С одной стороны, христианская церковь стала той связью, которая соединила новые государства: здесь снова получило превратное подтверждение то учение, что дух сильнее материи, так как интеллигентность христианского духовенства оказалась достаточно сильной для того, чтобы укротить грубую силу германских варваров и подчинить её своему игу. Эта грубая сила, происходя из материального мира, казалась представителям христианства также и источником всякого зла в тех случаях, когда она не урегулирована и не укрощена духом; наоборот, дух этот казался им основанием всякого добра.
Таким образом, новое общественное положение только содействовало тому, чтобы философские основы христианства и его этики укреплялись. Но, с другой стороны, благодаря этому новому положению, в общество проник элемент жизнерадостности и самоуверенности, который быль утерян им в эпоху зарождения христианства.
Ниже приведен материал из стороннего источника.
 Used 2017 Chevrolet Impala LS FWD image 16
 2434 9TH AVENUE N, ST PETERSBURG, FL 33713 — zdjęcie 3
И самому христианскому духовенству — по крайней мере, большинству его членов — мир не представлялся уже более юдолью скорби; и оно преисполнилось некоторой жизнерадостностью, весёлым эпикурейством и притом огрубелым, которое не имело ничего общего с первоначальным эпикурейством античной философии. Несмотря на это, духовенство должно было крепко держаться за христианскую этику, и держаться за неё не как за выражение своего собственного нравственного самочувствия, а как за средство сохранить своё господство над народом. Философские основы этой этики, самостоятельность, даже превосходство духа над действительным миром, — всё это оно стремилось признать без дальнейших рассуждений. Таким образом, изменившееся общественное состояние произвело, с одной стороны, новое стремление к материалистической этике, тогда как, с другой стороны, оно установило ряд оснований, поддерживавших унаследованную христианскую этику. Отсюда и возникла двойственность, ставшая признаком христианства, — внешнее признание такой этики, которая только отчасти является выражением нашего действительного этического самочувствия и хотения, а вместе и регулятором нашего поведения. Другими словами, моральное лицемерие сделалось теперь постоянным общественным установлением, которое нигде не запечатлелось так, как в христианстве.